◆ Records supplied ◆
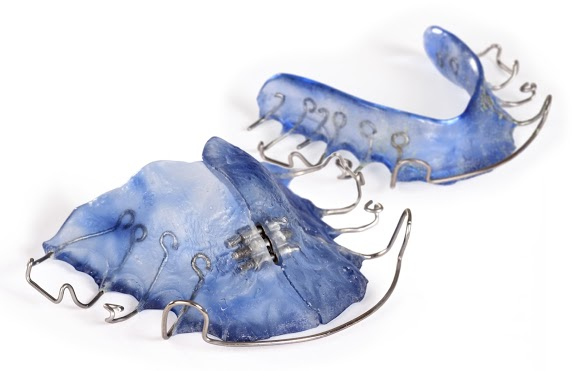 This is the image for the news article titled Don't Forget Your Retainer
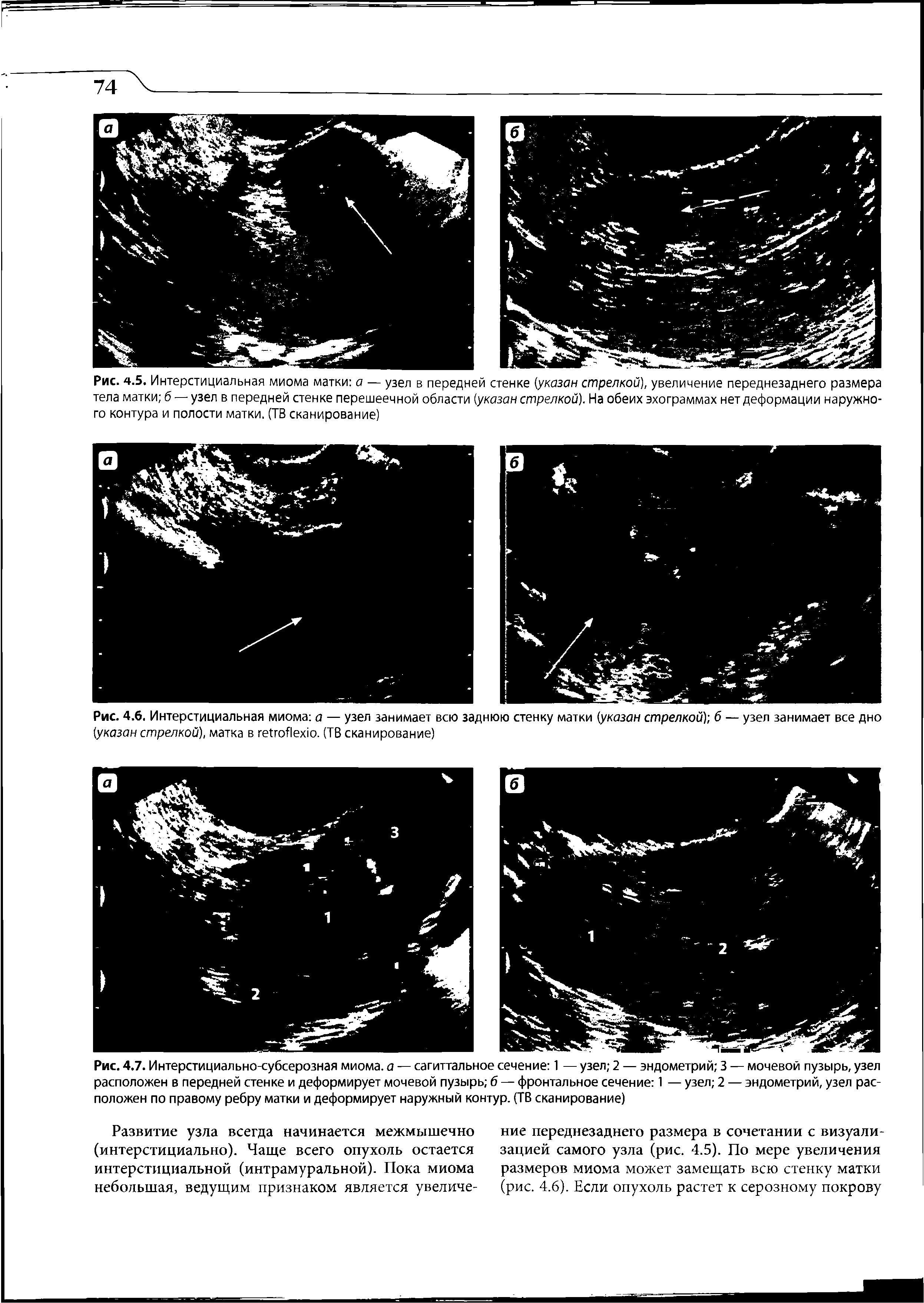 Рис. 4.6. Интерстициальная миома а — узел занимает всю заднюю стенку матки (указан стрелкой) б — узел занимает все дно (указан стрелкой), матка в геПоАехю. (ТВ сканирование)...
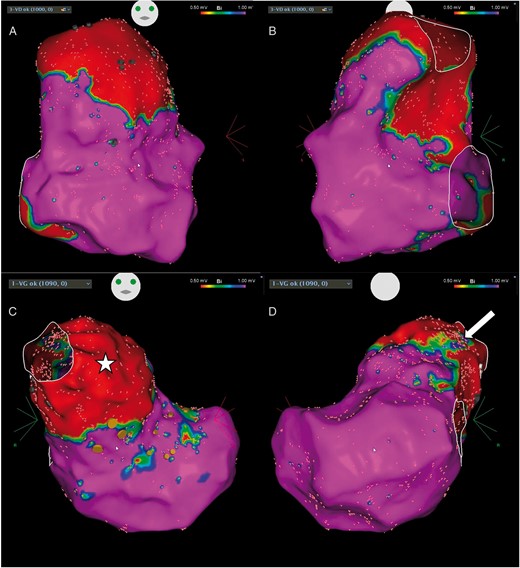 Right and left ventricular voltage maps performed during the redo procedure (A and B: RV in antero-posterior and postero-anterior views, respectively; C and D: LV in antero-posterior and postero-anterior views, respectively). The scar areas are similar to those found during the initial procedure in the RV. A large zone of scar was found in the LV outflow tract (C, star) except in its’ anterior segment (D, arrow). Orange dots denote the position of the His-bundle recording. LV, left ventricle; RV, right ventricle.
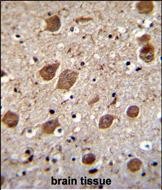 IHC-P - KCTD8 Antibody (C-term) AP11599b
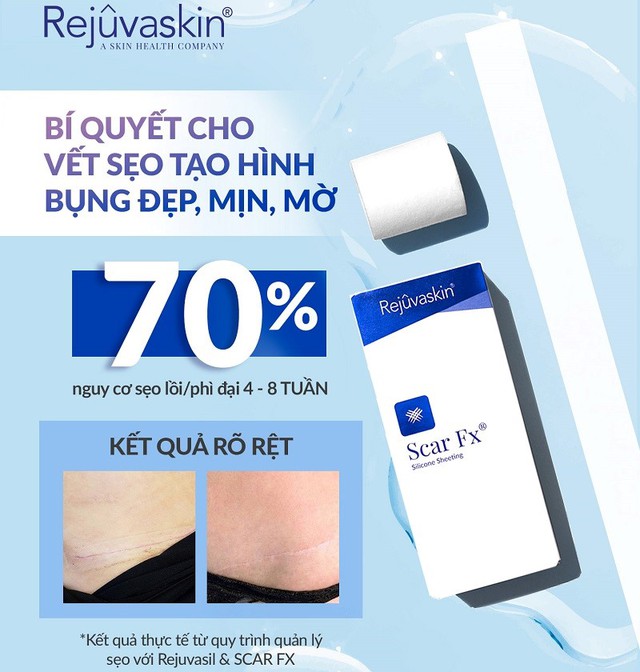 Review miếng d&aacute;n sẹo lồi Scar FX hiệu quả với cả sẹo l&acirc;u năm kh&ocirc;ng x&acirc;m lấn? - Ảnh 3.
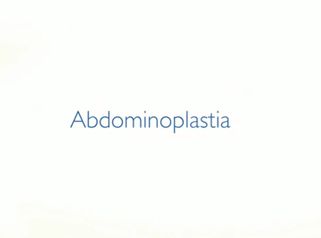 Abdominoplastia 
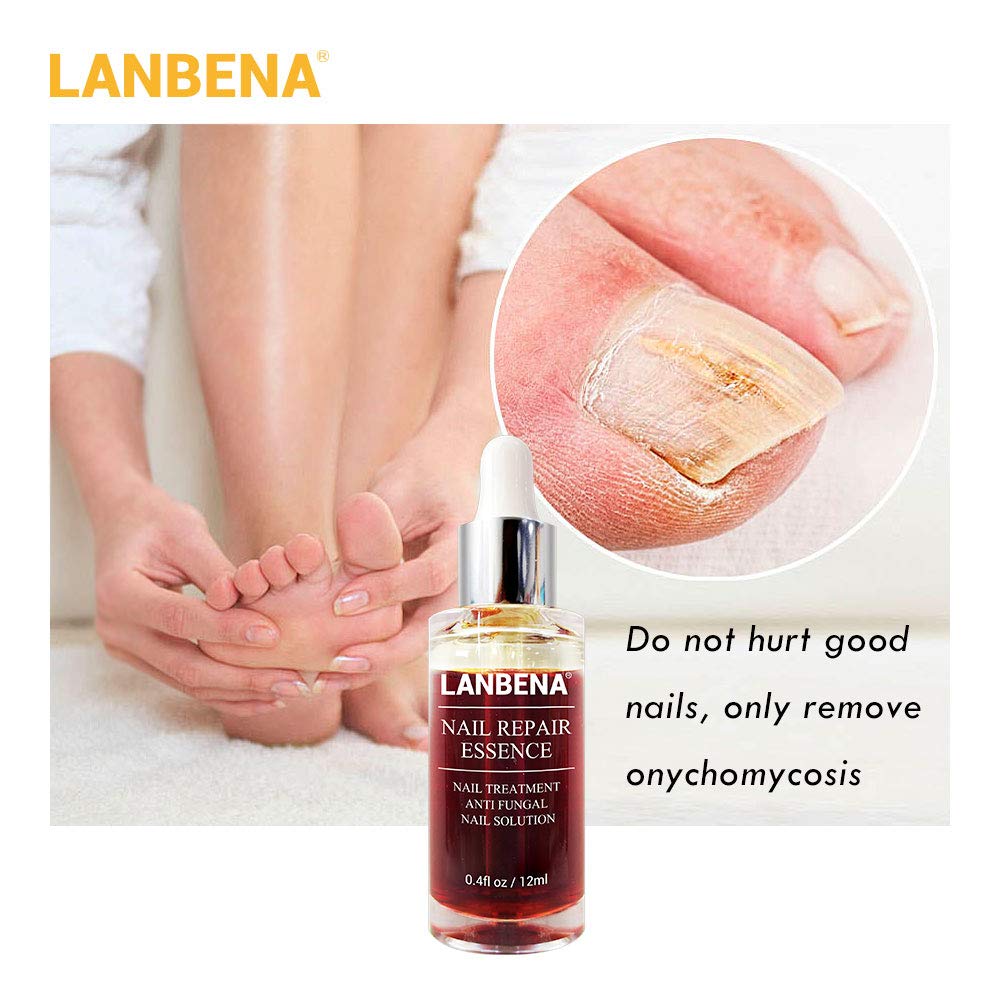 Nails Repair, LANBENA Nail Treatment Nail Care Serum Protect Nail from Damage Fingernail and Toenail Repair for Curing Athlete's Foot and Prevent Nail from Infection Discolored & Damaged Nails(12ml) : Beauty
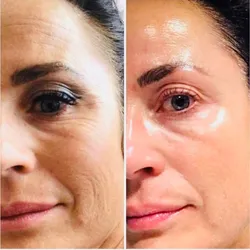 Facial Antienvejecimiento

◆ Work task ◆
All that the answer may contain is the exact text of the lines from the one with "Right and left" through the last line of the material, pictures excluded.

◆ Solution ◆
 Right and left ventricular voltage maps performed during the redo procedure (A and B: RV in antero-posterior and postero-anterior views, respectively; C and D: LV in antero-posterior and postero-anterior views, respectively). The scar areas are similar to those found during the initial procedure in the RV. A large zone of scar was found in the LV outflow tract (C, star) except in its’ anterior segment (D, arrow). Orange dots denote the position of the His-bundle recording. LV, left ventricle; RV, right ventricle.
 IHC-P - KCTD8 Antibody (C-term) AP11599b
 Review miếng d&aacute;n sẹo lồi Scar FX hiệu quả với cả sẹo l&acirc;u năm kh&ocirc;ng x&acirc;m lấn? - Ảnh 3.
 Abdominoplastia 
 Nails Repair, LANBENA Nail Treatment Nail Care Serum Protect Nail from Damage Fingernail and Toenail Repair for Curing Athlete's Foot and Prevent Nail from Infection Discolored & Damaged Nails(12ml) : Beauty
 Facial Antienvejecimiento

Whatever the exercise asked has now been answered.